* _Data below_:
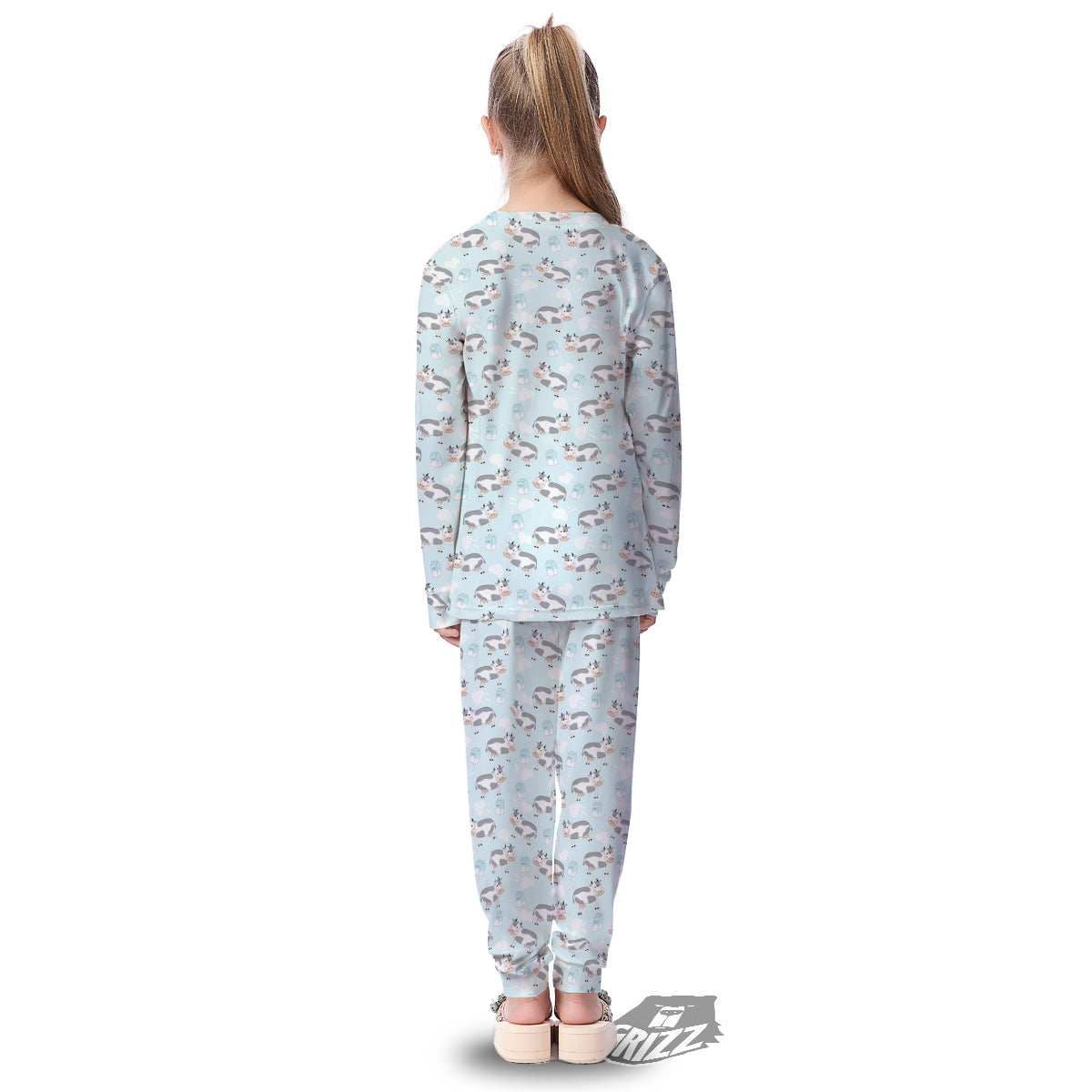 Cartoon Cows Milk Print Pattern Kid's Pajamas-grizzshop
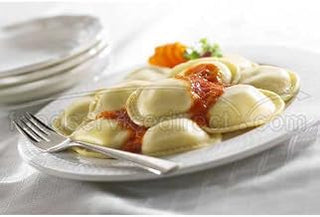 Rosina Food Cheese Ravioli Pasta - Round, 24 Ounce -- 12 per case.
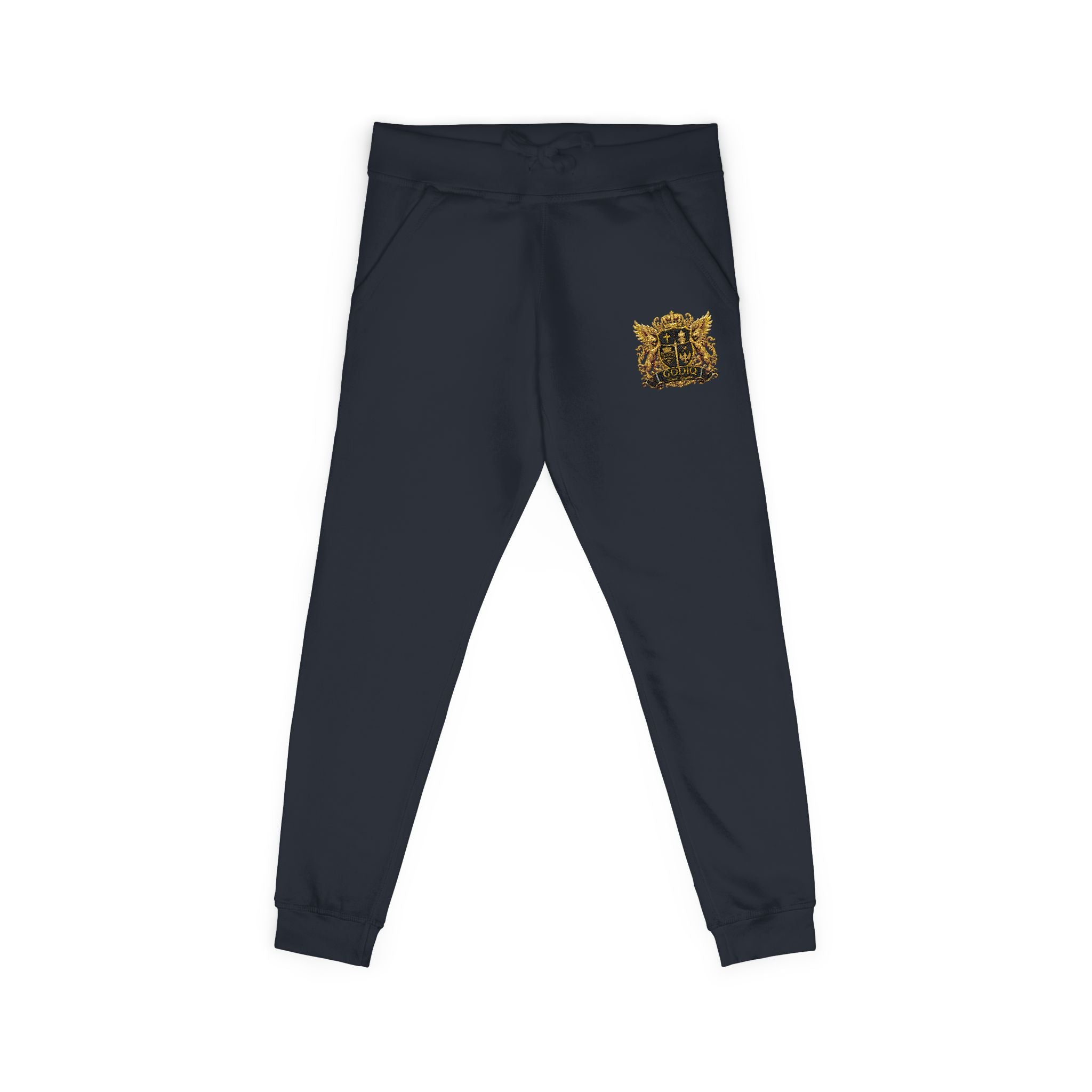 GODiQ Royal Kingdom™ CRK Sovereign Crest Embroidered Fleece Joggers – Luxury Christian Sweatpants | Premium Gold Crown Sword Logo | Kingdom Lifestyle Apparel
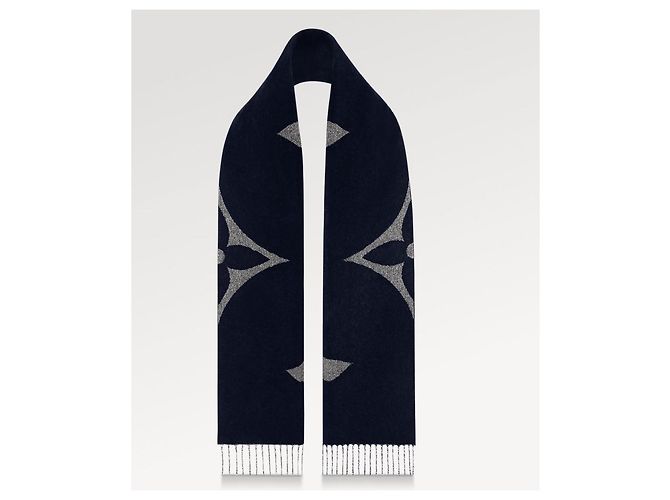 Sciarpa gigante Louis Vuitton LV MNG blu in cachemire - vista 3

* _What needs to be done_:
When you retype the data above, match every line exactly and leave the pictures behind.

* _Answer for this exercise_:
 Cartoon Cows Milk Print Pattern Kid's Pajamas-grizzshop
 Rosina Food Cheese Ravioli Pasta - Round, 24 Ounce -- 12 per case.
 GODiQ Royal Kingdom™ CRK Sovereign Crest Embroidered Fleece Joggers – Luxury Christian Sweatpants | Premium Gold Crown Sword Logo | Kingdom Lifestyle Apparel
 Sciarpa gigante Louis Vuitton LV MNG blu in cachemire - vista 3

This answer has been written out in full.